**The task**
Every entry should be reproduced precisely, with each picture left out.

**** Records to use

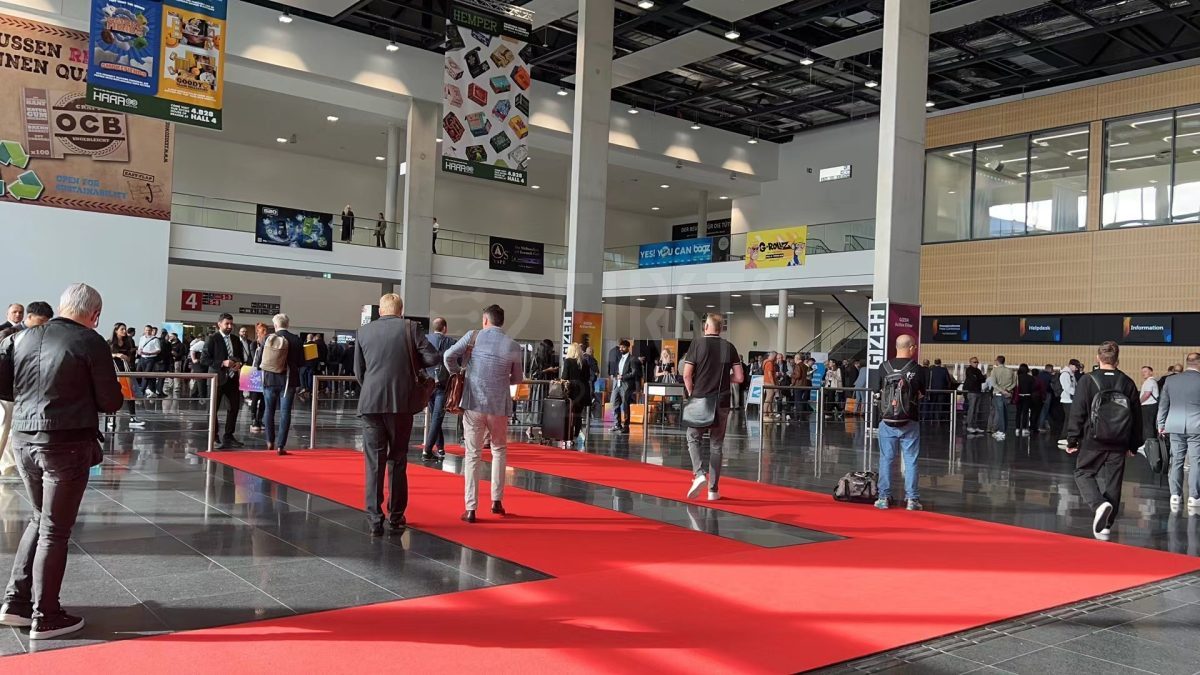 Highlights from Dortmund Tobacco Expo 2023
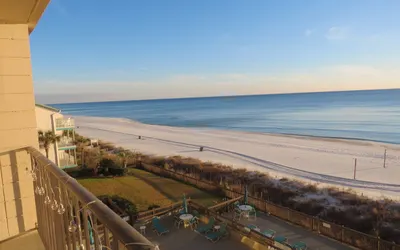 Beachfront | Pool | Sleeps 6 | Family/Couple Ideal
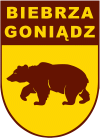 Wappen MKS Biebrza Goniądz  23015
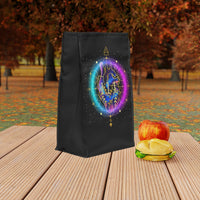 Thumbnail for SAC Home & Livings Kitchen Accessories  / Polyester Lunch Bag / Heart Printify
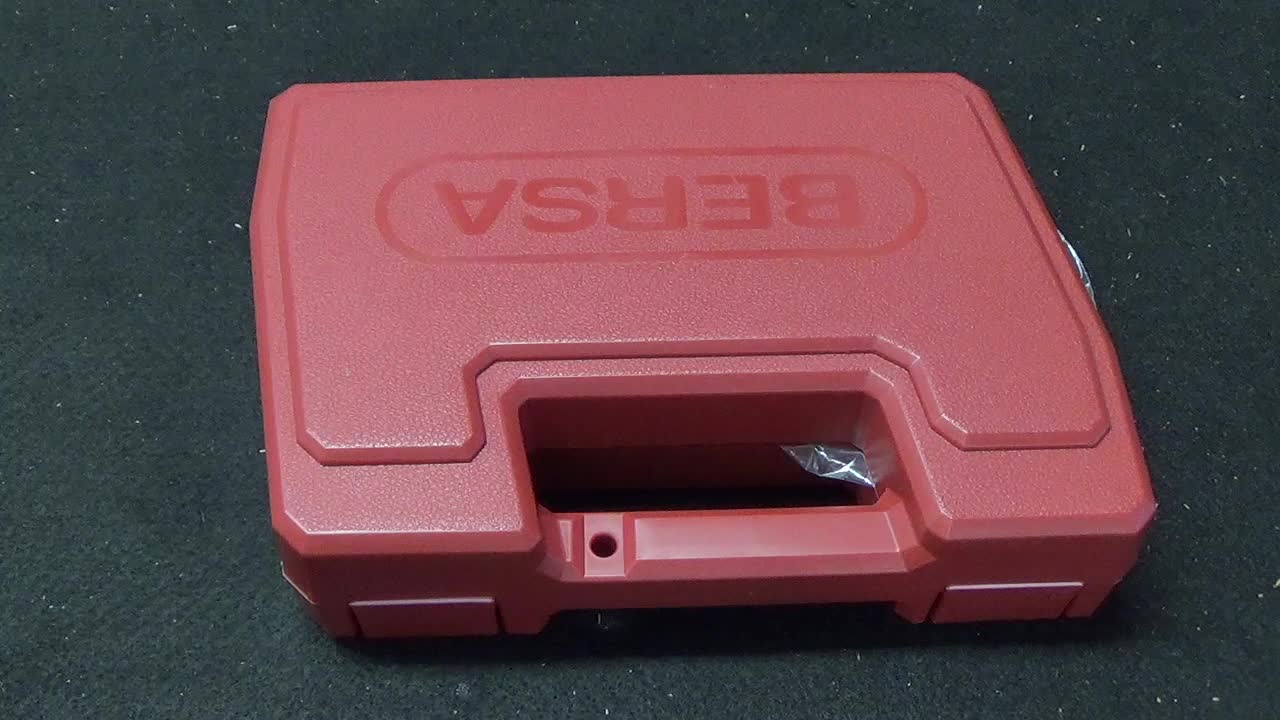 Bersa Firestorm - Unboxing and Review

********

**Your response**
 Highlights from Dortmund Tobacco Expo 2023
 Beachfront | Pool | Sleeps 6 | Family/Couple Ideal
 Wappen MKS Biebrza Goniądz  23015
 Thumbnail for SAC Home & Livings Kitchen Accessories  / Polyester Lunch Bag / Heart Printify
 Bersa Firestorm - Unboxing and Review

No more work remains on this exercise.